My Personal Experience with the Church of Jesus Christ of Latter-Day Saints
Awhile back, one of my three readers asked me what I thought about the LDS Church, given that Mitt Romney is a choir boy therefrom.
It happens that I personally brushed up against this particular branch of religion many decades ago, when I was a late teen. I can't remember if this was before or after God told the church's bishop that black men could be Elders.
I had a high school boyfriend who was deeply dedicated to the LDS church. As I was dedicated to the boy, we talked about his church quite a bit. It seems that at a dark time in his family's life, some missionaries had come to the door and amended things. (Apparently this family patch was incompletely applied, because my boyfriend lived in the projects with his mom and four siblings, Dad having disappeared.)
My boyfriend loved his church, and he was deeply distressed that he didn't have the money to go on mission. He had to work to help support his family -- and the church, which skimmed ten percent, whether it came from Marie Osmond or the kid making milkshakes at the Dairy Queen.

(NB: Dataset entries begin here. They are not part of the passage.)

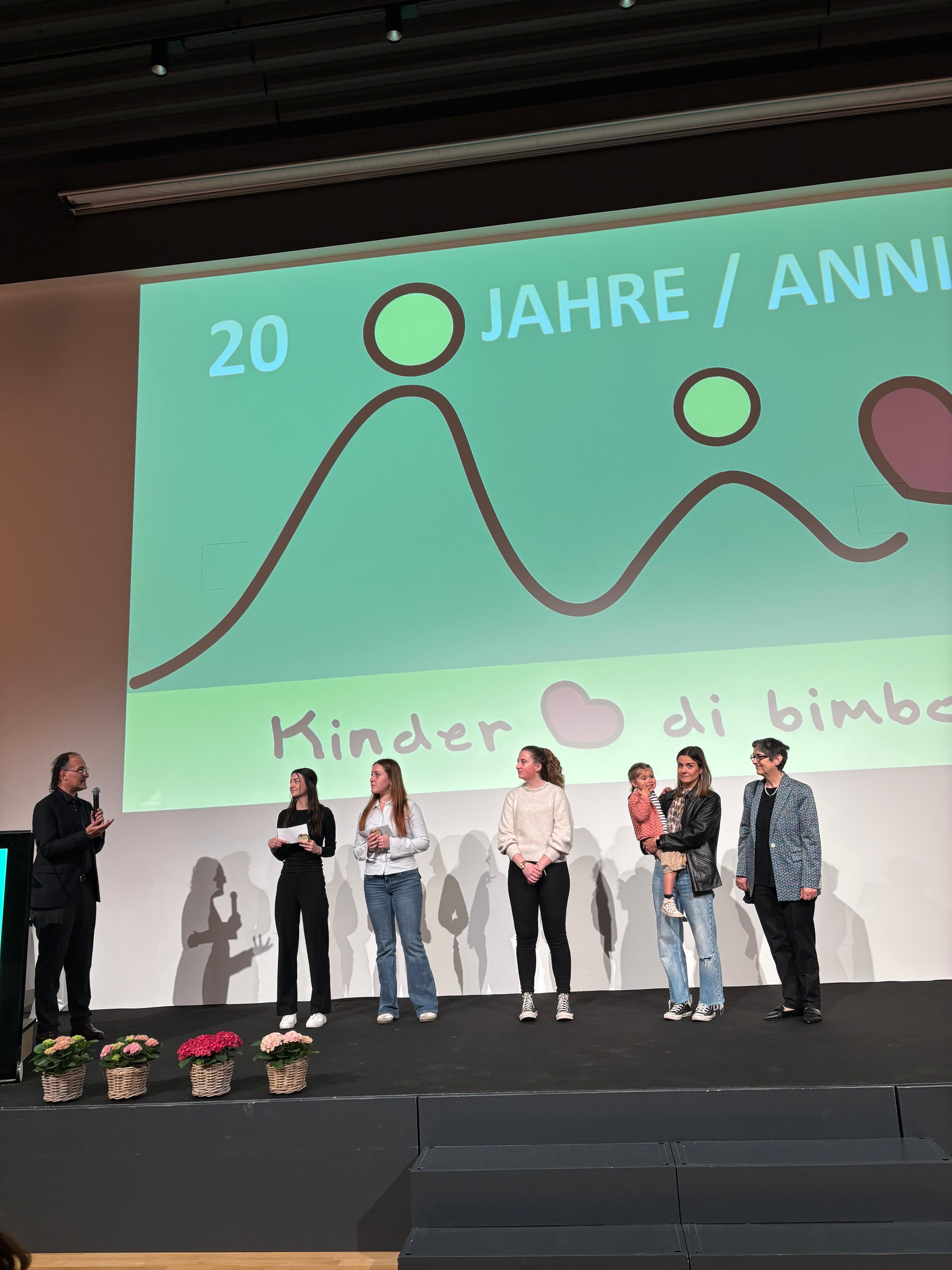 Vorstellung der Sonderedition „Mountain-Rigel mit Herz“ bei der Vollversammlung von Verein Kinderherz im Hotel Sheraton in Bozen am Samstag, 11.04.2026 v. l. n. r. Ulrich Seitz, Präsident – Verein Kinderherz, Lena Pichler, Obfrau der Schülergenossenschaft, Francesca Maria Gentile, Mitglied des Verwaltungsrates, Marion Unterholzner, Koordinatorin der Müsli-Produktion, Melanie Resch mit Tochter, eine Promotorin des Mountain Müslis / Verein Kinderherz – Mitglied und Christine Gutgsell, Koordinatorin der Schülergenossenschaft Foto: FS Tisens
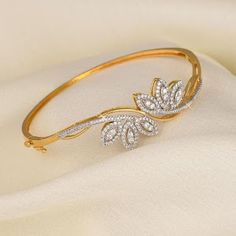 Gold Bracelet Simple, Diamond Bracelet Design, Beautiful Bracelets, Jewelry Bracelets Gold, Wedding Jewellery Collection, Gold Bride Jewelry, Gold Rings Fashion, Bracelets Gold, Gold Rings Jewelry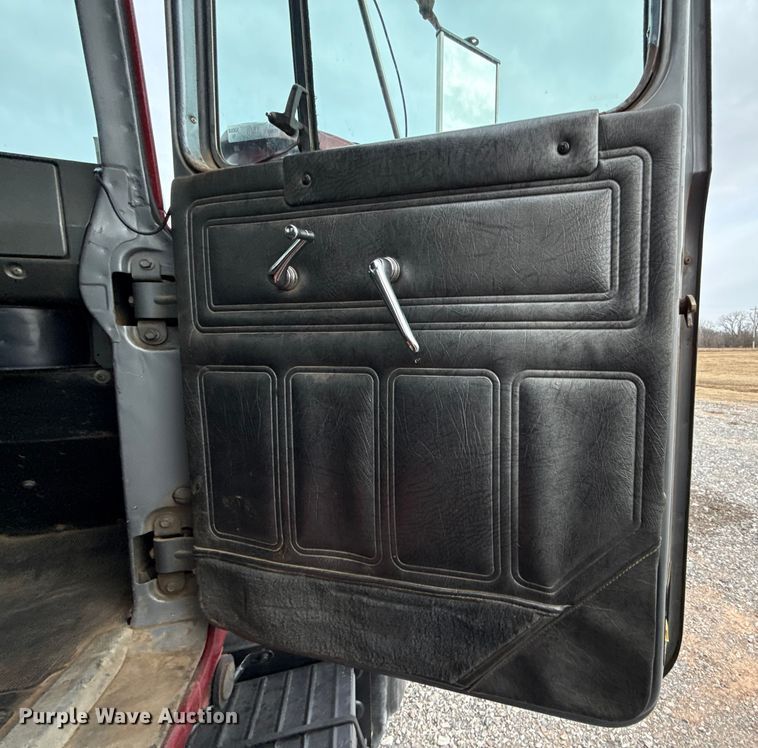 image for item ES5741 2002 Mack RD688S roll-off container truck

One night my boyfriend asked to talk to me outside my house. He was deeply agitated. He had met with the leader of the local LDS church to confess that he had committed the sin ... the sin ... he couldn't say the word, but it has to do with self-pleasure. The church leader chided him and suggested that he either get me to convert and marry me, or dump me and keep himself in a state of exhaustion with a cold shower nearby.
I really liked the guy, but I was 18 and a newly-minted college freshman. I also was skeptical of a church that had such a low opinion of turtledove love (my term, I like it better than "masturbation"). I became further skeptical when I took a stab at reading the Book of Mormon, which seemed to me incomprehensible.
Still, I thought I should suspend my disbelief and attend church with boyfriend a few times. I thought I was in love with the guy, and although the prospect of a hasty early marriage did not appeal, I wasn't ready to dump him.
I attended the Church of Jesus Christ of Latter-Day Saints Sunday service twice.
It wasn't the crazy extra book that appalled me.
It wasn't even the rules against turtledove love.
It was the women.
Here is what I saw on those two Sunday mornings: Profoundly exhausted women sitting in pews with stair-step children (as many as eight in one case), often holding another baby, or pregnant. Whew. When you're a young girl at life's doorstep, you need only take one or two good looks at that to run in the other direction, screaming for The Pill.
When I demurred from further immersion in the LDS church, the boyfriend dumped me. After crying over him for a few days, I got to thinking about the bullet I'd dodged.
I often think about that bullet today. I can still picture those wretched mega-moms, slumped in the plain pews, fighting to stay awake or to keep the kids quiet, or to contain the squirming toddler despite a bloated, pregnant belly. What kind of life is that? What kind of church sets that up as an ideal, in an overpopulated world?
This is a site with a big, broad, flexible outlook, so I say, if you want to be a Mormon, knock yourself out. But every time I look at Mitt Romney, I wonder whether he was successful in the daunting task of abstaining from turtledove love. I also wonder if I want a president who looks at such a thing as a sin. After all, he does belong to that church. And that church lists its sins. And why does he only have a few kids? Suspicious. He should have about a dozen.
Church of Jesus Christ of LDS? Not for me. And they must know it, because I get Jehovah's Witnesses at my door all the time, and I've never gotten a pair of those pinch-faced Mormon missionary boys. If I do, I will be hard-pressed not to torment them with questions about turtledove love.
I've labeled this post with an alternate spelling for Mormon. I suspect I will be using this alternate spelling in future posts about Mitt.